* _Supplied material_
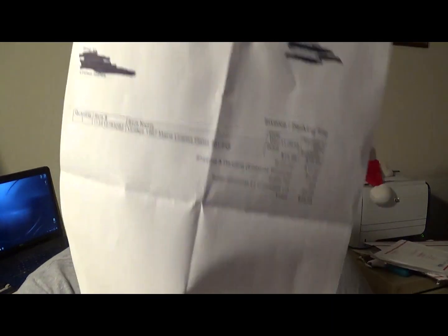I also sold a vintage 1967 license plate — another set — for $19.99 plus $6.95 shipping. These are printed off of eBay, so I'm not trying to trick you or anything like that. These are actual sales.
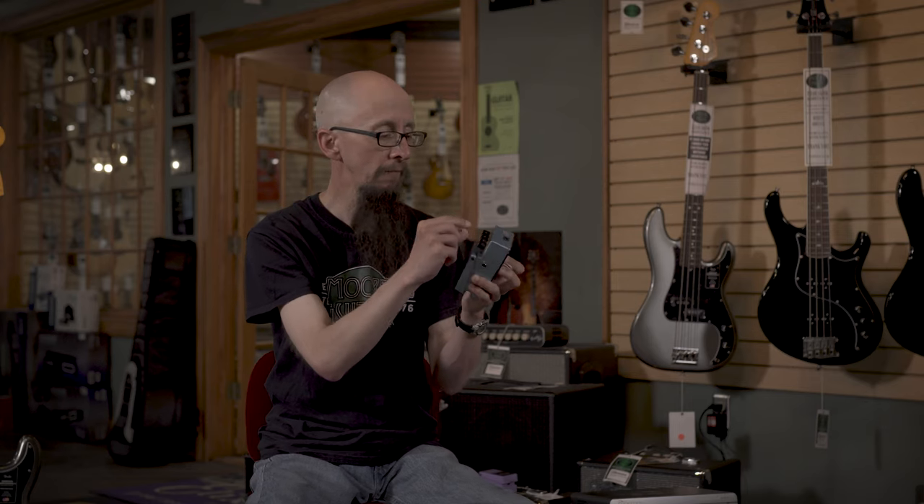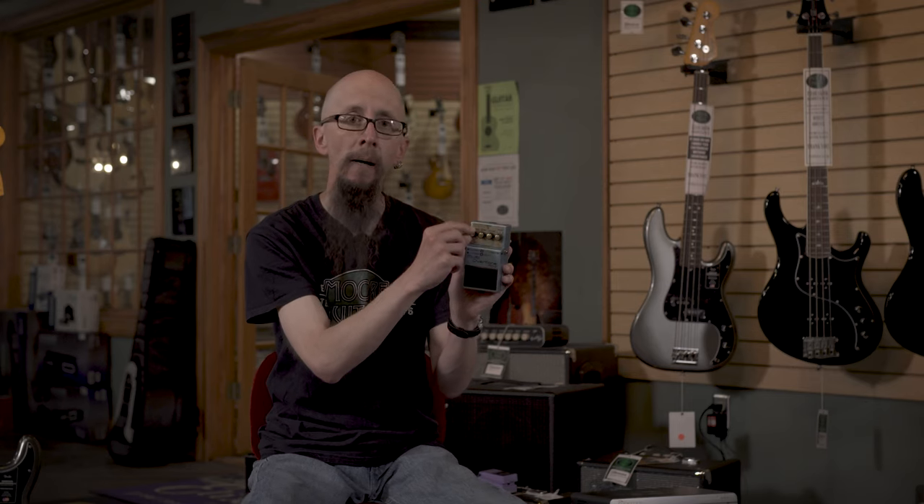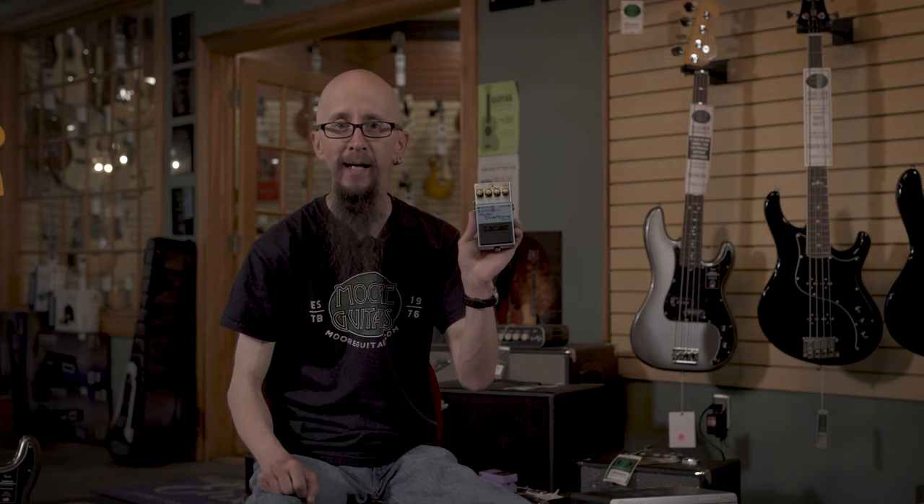It also features a direct and effects balance knob to dial back in your original signal. Check it out at moreguitars.com or More Music in Evansville, Indiana.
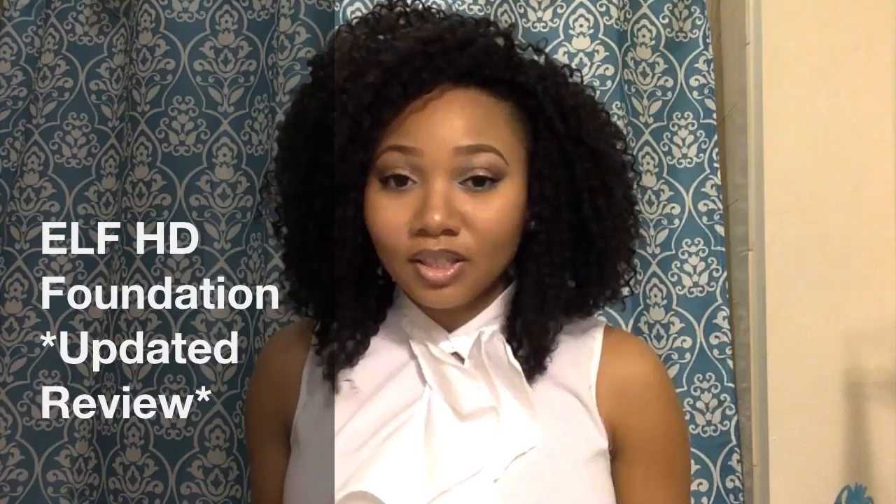Hi everyone, welcome back to Calm and Kinky. I'm here to do an update video on two products that I recently reviewed, where the verdict was out for me, but I said I would try them a third time. The products I'm referring to are the e.l.f. HD Mattifying Cream Foundation, also labeled as oil-free. I have them in two colors, and I won't go into too much detail in this video since I already have a video showing these products — this is merely an update, and I'll link that video on screen or below.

* _Exercise instructions_
Copy the data above word for word. Pictures stay out.

* _Reply_
I also sold a vintage 1967 license plate — another set — for $19.99 plus $6.95 shipping. These are printed off of eBay, so I'm not trying to trick you or anything like that. These are actual sales.
It also features a direct and effects balance knob to dial back in your original signal. Check it out at moreguitars.com or More Music in Evansville, Indiana.
Hi everyone, welcome back to Calm and Kinky. I'm here to do an update video on two products that I recently reviewed, where the verdict was out for me, but I said I would try them a third time. The products I'm referring to are the e.l.f. HD Mattifying Cream Foundation, also labeled as oil-free. I have them in two colors, and I won't go into too much detail in this video since I already have a video showing these products — this is merely an update, and I'll link that video on screen or below.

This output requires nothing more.